**Your instructions**
The entries that follow include a run beginning at the line with "Applying ChapStick outdoors" and ending at the line with "Casual stripe longsleeve"; restate that run word for word and leave the rest out.

**Data under study**
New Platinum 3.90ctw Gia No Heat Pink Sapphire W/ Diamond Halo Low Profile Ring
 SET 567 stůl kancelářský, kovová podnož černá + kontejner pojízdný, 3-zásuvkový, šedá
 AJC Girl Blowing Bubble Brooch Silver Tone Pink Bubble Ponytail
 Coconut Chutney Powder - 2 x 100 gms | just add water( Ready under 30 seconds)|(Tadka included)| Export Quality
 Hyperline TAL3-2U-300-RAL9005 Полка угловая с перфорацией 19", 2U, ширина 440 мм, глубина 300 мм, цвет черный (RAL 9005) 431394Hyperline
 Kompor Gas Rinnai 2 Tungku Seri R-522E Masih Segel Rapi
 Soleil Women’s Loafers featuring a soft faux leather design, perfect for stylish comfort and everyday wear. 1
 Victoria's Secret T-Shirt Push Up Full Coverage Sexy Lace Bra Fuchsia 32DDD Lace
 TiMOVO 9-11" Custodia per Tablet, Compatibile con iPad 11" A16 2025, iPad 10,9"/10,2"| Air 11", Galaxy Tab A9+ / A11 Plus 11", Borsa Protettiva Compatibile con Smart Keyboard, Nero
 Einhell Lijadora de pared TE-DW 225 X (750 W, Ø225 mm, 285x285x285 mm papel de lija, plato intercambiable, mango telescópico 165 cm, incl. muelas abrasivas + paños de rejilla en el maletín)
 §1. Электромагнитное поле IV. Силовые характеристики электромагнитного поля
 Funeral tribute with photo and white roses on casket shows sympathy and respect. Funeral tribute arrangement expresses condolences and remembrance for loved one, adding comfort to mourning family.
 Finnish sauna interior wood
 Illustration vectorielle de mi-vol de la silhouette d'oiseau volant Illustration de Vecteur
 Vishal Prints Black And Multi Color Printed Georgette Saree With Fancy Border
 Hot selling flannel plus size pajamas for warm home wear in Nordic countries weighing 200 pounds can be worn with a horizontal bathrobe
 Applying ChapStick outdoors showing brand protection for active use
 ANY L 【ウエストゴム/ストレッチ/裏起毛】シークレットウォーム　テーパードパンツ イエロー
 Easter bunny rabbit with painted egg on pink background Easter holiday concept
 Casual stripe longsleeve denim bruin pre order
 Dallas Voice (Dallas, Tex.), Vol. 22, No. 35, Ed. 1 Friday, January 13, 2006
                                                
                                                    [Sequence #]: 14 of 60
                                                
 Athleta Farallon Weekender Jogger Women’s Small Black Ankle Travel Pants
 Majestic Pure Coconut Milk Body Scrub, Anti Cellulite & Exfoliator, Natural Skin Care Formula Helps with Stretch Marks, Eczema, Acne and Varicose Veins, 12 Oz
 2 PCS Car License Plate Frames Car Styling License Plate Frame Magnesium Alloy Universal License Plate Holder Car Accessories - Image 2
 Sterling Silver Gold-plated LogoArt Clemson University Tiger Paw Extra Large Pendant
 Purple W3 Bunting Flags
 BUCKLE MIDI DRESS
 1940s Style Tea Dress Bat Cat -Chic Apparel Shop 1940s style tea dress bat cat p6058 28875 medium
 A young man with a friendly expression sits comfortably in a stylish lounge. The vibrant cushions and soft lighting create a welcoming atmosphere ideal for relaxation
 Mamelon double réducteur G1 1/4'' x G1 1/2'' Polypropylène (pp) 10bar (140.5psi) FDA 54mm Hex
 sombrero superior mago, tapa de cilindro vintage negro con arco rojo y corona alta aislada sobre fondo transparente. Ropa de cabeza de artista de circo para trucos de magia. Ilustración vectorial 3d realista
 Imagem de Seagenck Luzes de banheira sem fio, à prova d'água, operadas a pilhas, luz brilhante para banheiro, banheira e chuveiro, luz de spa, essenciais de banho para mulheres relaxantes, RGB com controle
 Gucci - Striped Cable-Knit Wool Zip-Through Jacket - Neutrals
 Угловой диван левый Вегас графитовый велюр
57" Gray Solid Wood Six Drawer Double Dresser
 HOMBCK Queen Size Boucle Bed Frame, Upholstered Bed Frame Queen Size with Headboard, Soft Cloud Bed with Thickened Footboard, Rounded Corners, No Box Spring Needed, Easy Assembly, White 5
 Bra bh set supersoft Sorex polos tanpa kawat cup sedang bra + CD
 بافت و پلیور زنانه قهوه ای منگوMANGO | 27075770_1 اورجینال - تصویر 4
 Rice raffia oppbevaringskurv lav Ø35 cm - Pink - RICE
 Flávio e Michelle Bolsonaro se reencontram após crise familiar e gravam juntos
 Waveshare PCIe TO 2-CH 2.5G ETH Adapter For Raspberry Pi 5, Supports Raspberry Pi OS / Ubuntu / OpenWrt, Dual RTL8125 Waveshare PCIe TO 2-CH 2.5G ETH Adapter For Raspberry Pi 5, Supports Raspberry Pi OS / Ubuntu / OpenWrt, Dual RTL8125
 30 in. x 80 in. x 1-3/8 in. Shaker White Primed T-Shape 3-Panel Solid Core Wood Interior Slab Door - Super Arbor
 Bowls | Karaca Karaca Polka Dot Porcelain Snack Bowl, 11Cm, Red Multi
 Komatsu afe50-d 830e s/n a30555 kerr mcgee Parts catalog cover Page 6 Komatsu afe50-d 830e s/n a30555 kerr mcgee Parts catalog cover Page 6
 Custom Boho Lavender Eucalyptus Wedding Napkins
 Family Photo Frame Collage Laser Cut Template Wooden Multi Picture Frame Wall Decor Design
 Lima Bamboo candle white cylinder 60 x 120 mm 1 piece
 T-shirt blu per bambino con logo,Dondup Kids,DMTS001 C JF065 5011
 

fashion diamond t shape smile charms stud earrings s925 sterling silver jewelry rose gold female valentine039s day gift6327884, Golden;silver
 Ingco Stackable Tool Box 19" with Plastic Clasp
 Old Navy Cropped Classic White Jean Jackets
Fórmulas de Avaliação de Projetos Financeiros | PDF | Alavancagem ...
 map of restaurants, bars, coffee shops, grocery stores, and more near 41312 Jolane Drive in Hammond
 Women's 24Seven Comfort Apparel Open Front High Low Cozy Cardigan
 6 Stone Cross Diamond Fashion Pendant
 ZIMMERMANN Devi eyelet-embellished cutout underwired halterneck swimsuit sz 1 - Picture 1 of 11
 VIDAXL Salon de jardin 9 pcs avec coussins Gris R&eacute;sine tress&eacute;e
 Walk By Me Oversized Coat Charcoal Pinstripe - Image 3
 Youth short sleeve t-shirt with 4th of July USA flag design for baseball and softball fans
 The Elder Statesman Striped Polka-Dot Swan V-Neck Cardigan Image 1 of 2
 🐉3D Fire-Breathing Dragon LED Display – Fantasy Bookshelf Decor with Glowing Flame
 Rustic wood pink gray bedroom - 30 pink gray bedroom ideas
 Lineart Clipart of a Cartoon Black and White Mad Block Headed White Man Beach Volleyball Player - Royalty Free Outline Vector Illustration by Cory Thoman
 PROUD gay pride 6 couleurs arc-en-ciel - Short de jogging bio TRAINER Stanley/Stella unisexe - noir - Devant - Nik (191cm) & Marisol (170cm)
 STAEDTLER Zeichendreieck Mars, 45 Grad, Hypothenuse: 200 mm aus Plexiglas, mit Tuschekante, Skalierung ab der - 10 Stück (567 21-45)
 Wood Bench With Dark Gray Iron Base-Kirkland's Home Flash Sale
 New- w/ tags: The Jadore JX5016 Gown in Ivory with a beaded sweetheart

**Problem solution**
 Applying ChapStick outdoors showing brand protection for active use
 ANY L 【ウエストゴム/ストレッチ/裏起毛】シークレットウォーム　テーパードパンツ イエロー
 Easter bunny rabbit with painted egg on pink background Easter holiday concept
 Casual stripe longsleeve denim bruin pre order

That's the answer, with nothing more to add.